I am an instructor of English at a small, private college near Cleveland, Ohio. With its tree-lined streets, gothic architecture and sprawling quad, the college is an idyllic setting and one that disguises some unsightly truths. Like a Hollywood movie set, the college campus is all artifice, a make-believe world where actors appear for a short time, recite their lines, and then exit the sound stage of higher education forever. I say this because the longer I teach, the more convinced I become that, in general, a college education takes the form of a very predictable and tedious script in which students are asked to memorize material and then regurgitate that material on an exam, after which time they forget everything they’ve just memorized (“learned” would be too hopeful a word), only to repeat the cycle again next semester. After four years of reciting various soliloquies in a plodding monotone, students attend a graduation ceremony that in many respects mimics the Academy Awards except for the fact that everyone, no matter his or her level of competence, is given a diploma from the dean and an ovation from the befuddled professors who seem a bit perplexed by the whole event as if it were some kind of elaborate hoax. There are, of course, many reasons for their stupefaction.
Recently, NBC Nightly News reported that 69% of college graduates are functionally illiterate; that is, they cannot read or comprehend complex material. Another study released by The New York Times suggests that 50% of Americans did not read a single book last year. A third study claims that America has reached its highest level of adult illiteracy in decades. Although I cannot speak for education in general, I do believe there are several reasons why we are experiencing a crisis at the college level.
The first is that college students are only required to take one year of English, usually a semester or two of low level composition classes, and because so many of these students are now graduating from American high schools without the ability to identify nouns and verbs (I’m not making this up), beleaguered instructors are forced to spend the majority of their time teaching students how to write simple sentences and paragraphs. As a result, complex material is never discussed in class. There’s just no time for a serious analysis of, say, an essay by Gore Vidal or Isaiah Berlin when instructors must teach students the difference between “there” and “their.” As you might imagine, this is not good for morale among faculty members. Teaching a student how to make sense of a front-page story in the Cleveland Plain Dealer is not the same thing as teaching a student the dramatic power and existential themes of Hamlet.
A second reason for the crisis is that instructors of composition courses tend to be adjunct faculty who are paid scandalously low wages and are given no benefits whatsoever. Because they see no future in this line of work, adjuncts tend to teach composition for a few semesters and then leave college for greener pastures. As a result, there is no quality control. While one instructor may be quite dedicated, hunkering down in the trenches of composition classes, another may be a bit more lackadaisical. There does seem to be one common denominator among adjuncts: they’re all rather stoic, mostly because they exist in a kind of intellectual purgatory. Without any kind of safety net (no union representation and no possibility of tenure) adjuncts find it difficult to challenge students in any meaningful way. What’s more, they feel pressured to pass students who are clearly unprepared for more sophisticated kinds of reading and writing.

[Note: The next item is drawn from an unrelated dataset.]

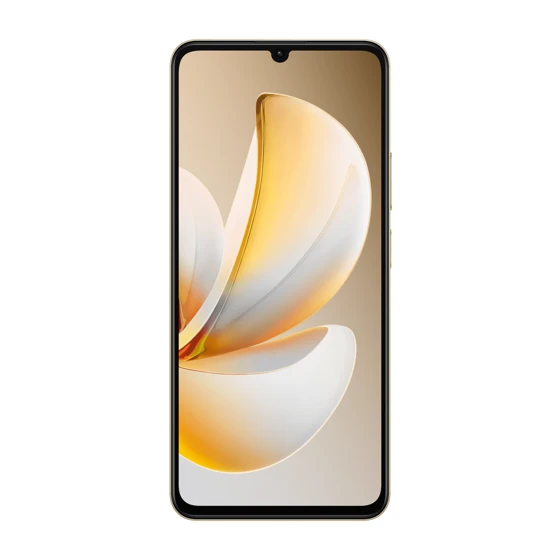 Realme® Note 70T – Prisvärd kraft med stor skärm och lång batteritid
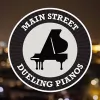 Main Street Dueling Pianos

This brings me to a third point. As we all know, college has become a business, and like all businesses, the management, in an attempt to maximize profits, is always on the prowl for cheap labor. Last year, for example, over 60% of the staff at Lorain County Community College was adjunct despite attaining record levels of enrollment. These so-called “cost cutting measures” by the administration have not helped consumers in any significant way. Many parents are now paying more than ever before for their child’s college education, and they demand results, but as the sociologist Jane Jacobs noted in her recent book Dark Age Ahead, Americans are no longer paying for an education per se; they are instead paying for an accreditation. In the end, what truly matters to parents is that junior receives (rather than earns) a college diploma so he can get a job and begin repaying some of those astronomical student loans. Shakespeare and Faulkner are completely inconsequential to this equation.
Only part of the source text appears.